Synopsis: Sassy, confident career girl, Lola meets cool, handsome, unpredictable hunk, Wole. He pushes all the right buttons for her, and sparks fly. Wole is also irresistibly drawn to Lola, and before long, they get together in a delightful romance. But Wole is not all that he seems, and he is holding back a lot of secrets.
Things start to unravel when Wole’s past starts to catch up with him and Lola has to decide if Wole is worth the trouble that threatens to overwhelm her. Will their relationship survive the trials of a murder investigation, a meddling relative and a trip across the world? Or will they give up and go their separate ways? Find out in this fantastic new book!


‘Slam dunk!’
‘Great shot!’
I retrieved the ball and bounced passed it to my team mate Kenechukwu. We were playing basketball with some of the other guys in the gym. I was drenched with sweat but feeling absolutely great. I had just recovered from a grim bout of flu and it felt great to be alive and fit again. I ran down the length of the court and threw the ball straight up into the other team’s net again.
‘Someone is on fire today,’ Mark grinned as he retrieved the ball. He was playing for the opposing team.
‘For sure!’ I called back.

We played for another ten minutes before the whistle went and our booked slot was over. I tossed the ball towards Kenechukwu and we started going towards the showers, clapping the guys on the back, muttering ‘good game guys, see you next week…
Mark joined us a few moments later.
‘Well done Wole,’ he said. ‘Did you overdose on some high energy drink?’
‘Naa,’ I said. ‘Just full of beans today.’
‘So I see,’ Kenechukwu said. ‘What have you got planned for the rest of today?’

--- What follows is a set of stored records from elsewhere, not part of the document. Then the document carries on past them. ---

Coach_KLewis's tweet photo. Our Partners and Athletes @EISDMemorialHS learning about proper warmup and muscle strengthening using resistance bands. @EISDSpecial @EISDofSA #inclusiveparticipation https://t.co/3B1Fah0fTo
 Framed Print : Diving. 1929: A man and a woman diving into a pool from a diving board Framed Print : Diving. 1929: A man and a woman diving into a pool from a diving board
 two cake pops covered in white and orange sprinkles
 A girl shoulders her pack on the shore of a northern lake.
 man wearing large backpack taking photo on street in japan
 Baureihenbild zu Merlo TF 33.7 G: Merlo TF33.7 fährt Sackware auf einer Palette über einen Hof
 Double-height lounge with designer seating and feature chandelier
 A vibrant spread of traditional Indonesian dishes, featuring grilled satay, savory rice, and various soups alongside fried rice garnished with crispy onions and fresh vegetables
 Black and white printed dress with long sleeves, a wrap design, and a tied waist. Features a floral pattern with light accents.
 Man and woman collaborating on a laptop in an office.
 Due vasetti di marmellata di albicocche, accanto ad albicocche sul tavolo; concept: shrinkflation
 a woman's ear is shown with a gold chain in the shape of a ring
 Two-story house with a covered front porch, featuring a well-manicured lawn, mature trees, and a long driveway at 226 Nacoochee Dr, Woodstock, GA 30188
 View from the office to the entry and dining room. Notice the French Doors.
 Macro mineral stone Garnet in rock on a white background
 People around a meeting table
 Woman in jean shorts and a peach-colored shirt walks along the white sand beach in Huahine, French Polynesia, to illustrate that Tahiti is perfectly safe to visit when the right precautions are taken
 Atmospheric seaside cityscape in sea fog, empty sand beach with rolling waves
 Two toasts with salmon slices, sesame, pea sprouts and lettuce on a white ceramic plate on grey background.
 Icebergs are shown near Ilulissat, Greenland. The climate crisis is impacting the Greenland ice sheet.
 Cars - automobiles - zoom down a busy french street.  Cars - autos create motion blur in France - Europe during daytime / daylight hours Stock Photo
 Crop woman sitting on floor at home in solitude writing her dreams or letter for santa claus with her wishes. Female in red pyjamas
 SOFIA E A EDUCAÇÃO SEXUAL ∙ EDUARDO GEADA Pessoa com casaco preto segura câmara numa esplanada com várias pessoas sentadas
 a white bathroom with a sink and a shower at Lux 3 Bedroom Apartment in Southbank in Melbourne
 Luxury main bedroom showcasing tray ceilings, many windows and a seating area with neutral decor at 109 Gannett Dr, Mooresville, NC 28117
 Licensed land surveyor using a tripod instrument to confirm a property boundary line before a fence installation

‘I’m going to see my girlfriend in Kent this evening.’ Mark said
‘Not much. I was thinking of catching up on some work.’ I said. ‘I slacked last week because of the flu.’
‘Keep the work till later, man. Since you’re buzzing with energy today, you can be my right-hand man.’
‘What are you up to?’
‘I’ve got an album launch and a birthday party. Plenty of opportunities to meet chicks.’
‘I’m not looking to meet anyone.’ I said. ‘But I don’t mind having some fun this weekend. I can do my extra work during the week.’
‘Great. Sorry you can’t come with us Mark.’
‘I’ll survive without you today. You’re becoming a bad influence on me anyway, Kene.’ Mark said.
‘Me? I don’t know what you’re talking about,’ Kene replied, raising one eyebrow.
‘Don’t worry Mark. I’ll do my best to keep him in check.’ I said.
‘Good luck with that.’ Kene said, and we all laughed.